There is a ton of interest in hearing you views on guitars. Don't just limit yourself to this thread though. I bought my Chapin in large part because Bill was very invloved in answering all types of questions about scale length, wood choices, pickups, bridge types.... and how the effect guitar as a whole. So don't hold back when someone asks the question, "What are tonal differences between these two scale lengths?" or "Do you think this wood combination would sound good?", or whatever else. It is great to have you on board (no pun intended).
AND, Terry does the best nitro finish in the world.
I'd love to hear more info/opinions from Terry!
I am honored to be welcomed so. Many thanks. I'd be delighted to chat guitars with you.
Anyone that has a question, feel free to post it either on this thread or a new one. I will do my best to answer in short order as time permits.
Terry's a great guy, and builds one hell of an instrument. My first foray into TCM's were with the Taurus Standard. What an incredible instrument. I cannot say enough good things about it without sounding like a blind loyalist.
I now play a FLE, which is based on the Taurus chassis, but features a 1 piece ash body, maple top, and a mahogany neck w/ rosewood board. You would not expect the tones you can get out of this instrument with the ash body.
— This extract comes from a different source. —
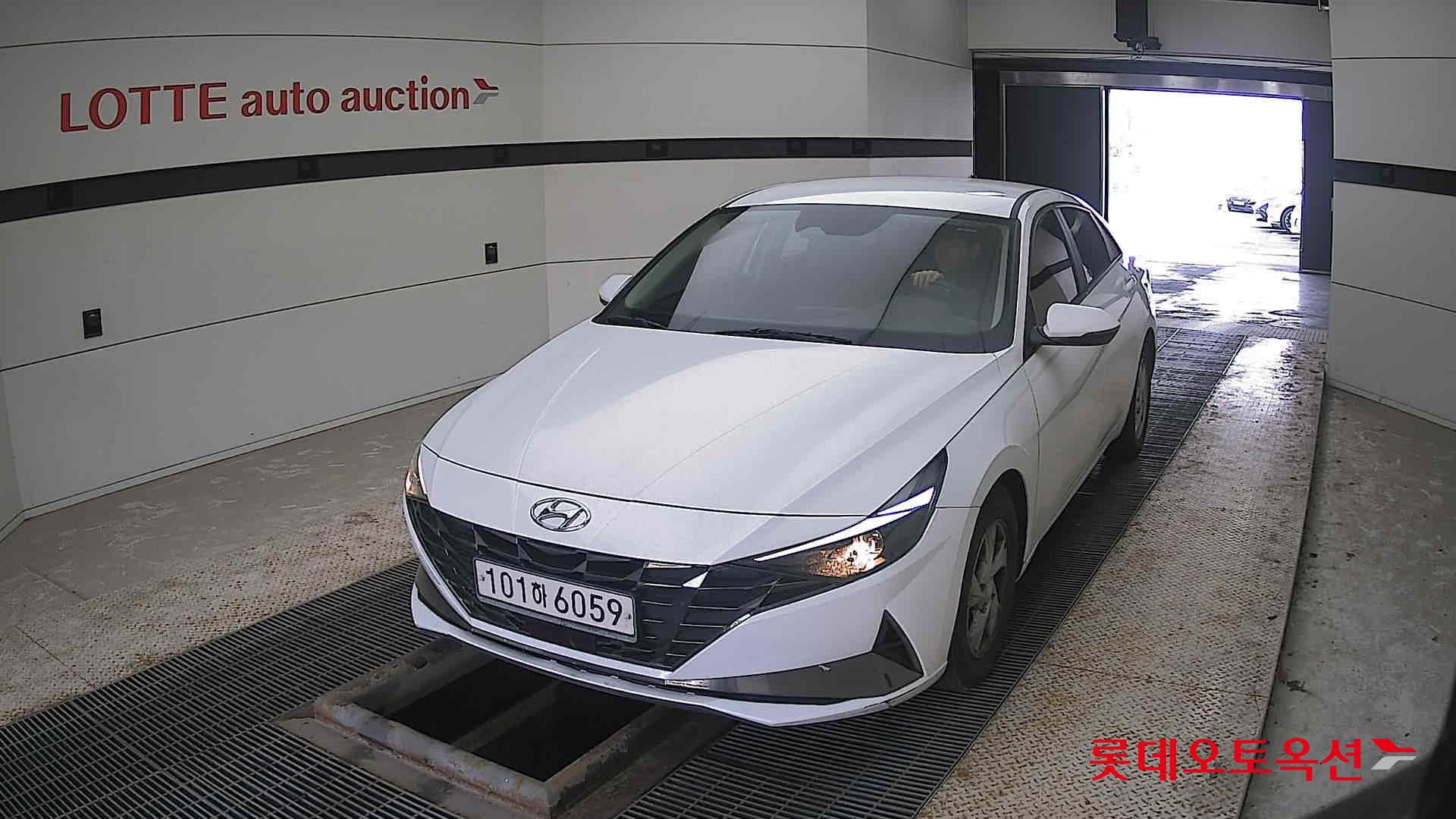 Hyundai Avante 2021 Белый из Кореи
Terry took us to school over at the TCM forum when he explained that there are a number of tonal properties a builder can choose to emphasize when selecting/working with tone woods. The FLE is a guitar that puts out a tone that's about 3 feet thick, yet retains all of the articulation and clarity that I have come to expect from a TCM.
That Gemini is a serious instrument as well. I'll let Roger tell you about it's mojo. It's a 25th Anniversary model that I hope will see regular production in some form, because it really is its own thing, and it brings a lot to the table that would otherwise be out of reach for many players.
I am currently torn between purchasing another FLE from a TCM forum member, or going with a DRP. The DRP is Terry's "Designer's Reserve Program". Starting with a number of design features that Terry offers, I put together an instrument in my mind that I believe would be my "ideal" McInturff. If the FLE falls through, I will be moving forward with the DRP.
There's only 30 FLE's out there. Mine is currently on tour with some friends. With TCM's, I don't have "need" for a backup, but the only guitar that can successfully backup a FLE, is another FLE...and it's my sound...so I can't stray too far from that.
For anyone whose interested in TCM's, my advice is to go for it. The Gemini's, Taurus Standards, and no doubt the Terrycaster's are amazing instruments. I don't have much experience with Terry's other models, but if the Taurus and Gemini are the "future" for Terry and his work, the future is looking bright
I've got the Taurus, Gemini, and Terrycaster bases covered and I'm excited about the upcoming projects. The Gemini is monstrous as Rob pointed out, in that it's got a huge girth to it's tone yet the typical McInturff articulation. It's got a Gibson scale, so even though it's got 11s on it, the strings feel like 10s in terms of bends which with my style is pretty important. Warren Haynes would definitely dig it, though it would be suitable for so much more than just that style.
Hi, Terry. Very nice to hear from you again, thanks for sharing all the info. on your guitars! In general, if your originating your own thread on a new product, it probably belongs in the Dealers Emporium but, as Scott's noted, when responding to someone else's post about your products with specific explanatory info., if you check other similar posts on the forum for amps, guitars, effects, and more, many builders do that. It's one of the reasons we're all here.